There wasn’t just outrageous drama about Celtic’s last-gasp victory over Lazio last night. When Christopher Jullien rose majestically to head in the 89th-minute winner the Frenchman ensured that the evening took on significant historical importance.
In the 15th European group campaign that Celtic have been involved in the past two decades (nine in the Champions League and six in the Europa League), the seven-point haul they now boast is a total they have never bettered at the halfway stage of a section.
Only once before have they reached this mark at the same juncture, which came when Ronny Deila’s Celtic did so in the 2014-15 season. Then, though, they did not have teams from the top leagues of Italy and France in their section, but Astra of Romania, Croatians Dinamo Zagreb and Red Bull Salzburg of Austria. Last night’s extraordinary turnaround did not look possible when Celtic trailed 1-0. It seemed to suggest the hyping up of the Scottish champions’ prospects had ignored historical precedent. For, with the exception of a certain fabled afternoon in Lisbon back in 1967, Celtic have so often had a habit of going weak in the presence of Italian sides. In 25 previous games against them, Celtic had recorded five wins, and suffered 12 defeats.
Neil Lennon talked about last night feeling like a Champions League occasion, and it had that taste for long spells. It recalled the Gordon Strachan era when Celtic so often lived on their wits, were in spells outplayed, but somehow conjured up late goals that turned ties inside out as they made the knock-out stages of Europe’s premier competition in 2007 and 2008. Folklore evenings against Shakhtar Dontesk, Manchester United and AC Milan.
Scott McDonald’s late winner that evening against the then Champions League holders in late 2007 was of an altogether greater magnitude, but some of the plotlines were familiar.
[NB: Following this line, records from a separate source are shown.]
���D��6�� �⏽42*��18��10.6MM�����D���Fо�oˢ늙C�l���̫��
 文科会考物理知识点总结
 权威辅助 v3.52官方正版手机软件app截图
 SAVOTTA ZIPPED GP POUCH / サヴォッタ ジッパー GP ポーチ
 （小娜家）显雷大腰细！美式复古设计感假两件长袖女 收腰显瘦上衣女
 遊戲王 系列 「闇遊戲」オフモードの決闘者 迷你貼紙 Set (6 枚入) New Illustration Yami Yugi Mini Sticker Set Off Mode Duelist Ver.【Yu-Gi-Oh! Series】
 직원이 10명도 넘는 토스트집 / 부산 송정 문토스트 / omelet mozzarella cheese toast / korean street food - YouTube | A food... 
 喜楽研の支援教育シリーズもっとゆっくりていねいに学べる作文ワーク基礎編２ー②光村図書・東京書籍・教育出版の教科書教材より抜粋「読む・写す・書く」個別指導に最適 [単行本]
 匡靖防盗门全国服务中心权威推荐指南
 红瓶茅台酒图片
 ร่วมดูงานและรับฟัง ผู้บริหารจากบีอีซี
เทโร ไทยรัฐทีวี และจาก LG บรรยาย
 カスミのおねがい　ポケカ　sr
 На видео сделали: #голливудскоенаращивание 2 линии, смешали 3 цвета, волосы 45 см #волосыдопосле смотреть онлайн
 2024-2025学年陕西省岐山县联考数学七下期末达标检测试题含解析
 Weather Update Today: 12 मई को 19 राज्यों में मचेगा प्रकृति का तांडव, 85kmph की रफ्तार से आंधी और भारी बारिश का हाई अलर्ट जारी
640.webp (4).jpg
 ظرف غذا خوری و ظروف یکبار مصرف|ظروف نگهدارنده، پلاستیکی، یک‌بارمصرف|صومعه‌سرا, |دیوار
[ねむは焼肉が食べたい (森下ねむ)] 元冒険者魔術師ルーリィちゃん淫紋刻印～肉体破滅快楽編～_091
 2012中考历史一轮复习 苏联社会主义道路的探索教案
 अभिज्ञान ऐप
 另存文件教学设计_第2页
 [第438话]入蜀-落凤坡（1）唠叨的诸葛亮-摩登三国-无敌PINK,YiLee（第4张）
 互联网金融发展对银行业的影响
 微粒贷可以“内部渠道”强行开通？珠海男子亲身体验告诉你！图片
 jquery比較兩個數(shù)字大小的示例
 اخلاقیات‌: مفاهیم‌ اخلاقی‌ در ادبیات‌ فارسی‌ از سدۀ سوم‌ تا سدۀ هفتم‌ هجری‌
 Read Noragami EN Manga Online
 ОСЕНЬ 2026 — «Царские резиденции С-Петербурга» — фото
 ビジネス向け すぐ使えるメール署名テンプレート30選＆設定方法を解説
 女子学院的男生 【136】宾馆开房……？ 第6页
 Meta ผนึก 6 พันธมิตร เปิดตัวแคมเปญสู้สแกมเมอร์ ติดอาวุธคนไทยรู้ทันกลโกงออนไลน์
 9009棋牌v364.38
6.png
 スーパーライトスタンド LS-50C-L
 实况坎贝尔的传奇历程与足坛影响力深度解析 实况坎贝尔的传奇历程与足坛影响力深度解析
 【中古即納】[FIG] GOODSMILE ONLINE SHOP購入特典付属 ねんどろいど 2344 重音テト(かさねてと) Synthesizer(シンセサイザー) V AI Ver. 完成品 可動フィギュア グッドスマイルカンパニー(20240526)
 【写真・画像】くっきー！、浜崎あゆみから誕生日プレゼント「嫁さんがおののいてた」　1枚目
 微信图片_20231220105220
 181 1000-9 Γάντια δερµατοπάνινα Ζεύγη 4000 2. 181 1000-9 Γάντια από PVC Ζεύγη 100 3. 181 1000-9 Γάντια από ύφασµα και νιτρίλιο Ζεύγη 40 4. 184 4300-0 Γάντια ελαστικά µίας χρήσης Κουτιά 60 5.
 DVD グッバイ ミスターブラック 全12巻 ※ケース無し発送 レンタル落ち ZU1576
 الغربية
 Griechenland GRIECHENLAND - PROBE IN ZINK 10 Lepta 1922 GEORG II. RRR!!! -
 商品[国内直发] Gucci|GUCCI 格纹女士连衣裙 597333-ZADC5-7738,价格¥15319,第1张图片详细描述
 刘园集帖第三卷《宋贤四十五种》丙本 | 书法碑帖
AC Milan that night seemed on course to do the job they set out to do, only to be derailed by a spirit that can make strange things happen.
Lazio, unlike Milan, were no exponents of catenaccio; they exhibited more than a lick of enterprise, and could fan open concertina-style to great effect – no occasion more lethally than when they punctured the home side with a laser-precision counter attack.
Yet there was something about their defensive discipline and ability to close spaces and suffocate attackers that was so very Italian. And for so long so humbling for a Lennon side determined to play on the front foot.
Much as Celtic played well in spells, Lazio held a one-goal advantage going into the final 20 minutes. They seemed to have the answers as Celtic struggled to create enough questions. Ryan Christie’s goal, in the 67th minute wouldn’t you just know, inverted all previous perceptions, though.
A deft finish, yes. But it was the product of a simplicity. The Celtic man wasn’t closed down at the edge of the area, and latched on to an Odsonne Edouard cross that the Frenchman delivered without being blocked off. In essence, then, Lazio were punished for defensive slackness.
The visitors’ failure to restore an advantage betrayed wastefulness in front of goal, but it also pointed to some big heart from Lennon’s side. And heart counts for a lot in such bubbling cauldrons. In Europe under the Irishman, Celtic have often exhibited that. What they hadn’t done so in six previous meetings with Italian sides was win. Certainly, they rode their luck in the closing stages.
But essentially they succeeded in prising open the jaws of the Venus flytrap that Lazio had appeared to clamp them in. That was a feat that will, and deserves to be, cherished.